Exercise requirements: Please transcribe the listing below in full and word for word, without its pictures.

Raw data:
-------------------------

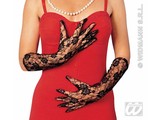 Carnival-accessories: lace gloves black, long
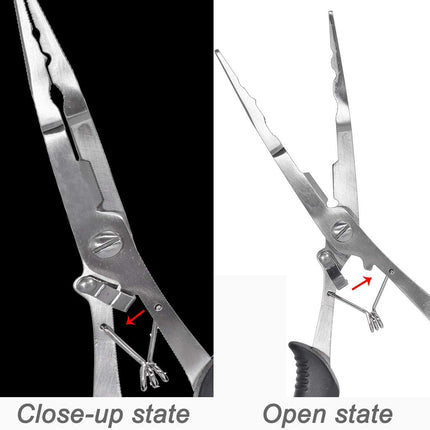Vishaaktang - Hook Remover - Stainless Steel - Long Nose Hook Remover - With Sheath and Lanyard - Suitable for Line Clippers.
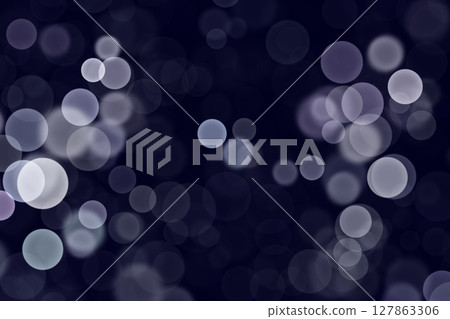 White bokeh on  dark blue background illustration 127863306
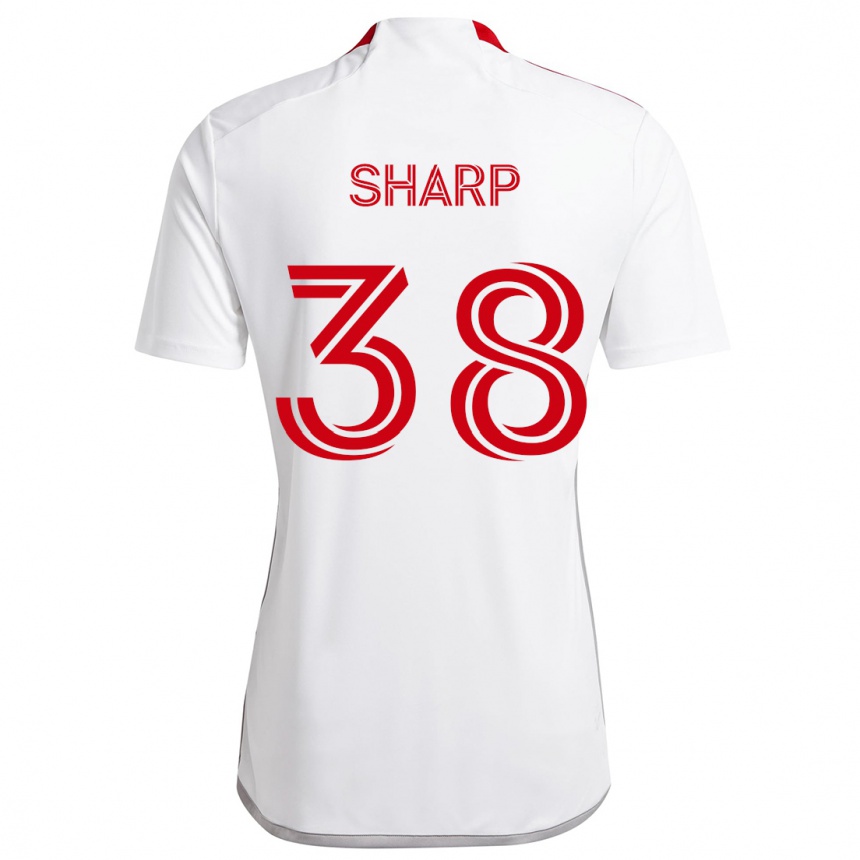 Niño Fútbol Camiseta Charlie Sharp #38 Blanco Rojo 2ª Equipación 2024/25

-------------------------

Response box:
 Carnival-accessories: lace gloves black, long
Vishaaktang - Hook Remover - Stainless Steel - Long Nose Hook Remover - With Sheath and Lanyard - Suitable for Line Clippers.
 White bokeh on  dark blue background illustration 127863306
 Niño Fútbol Camiseta Charlie Sharp #38 Blanco Rojo 2ª Equipación 2024/25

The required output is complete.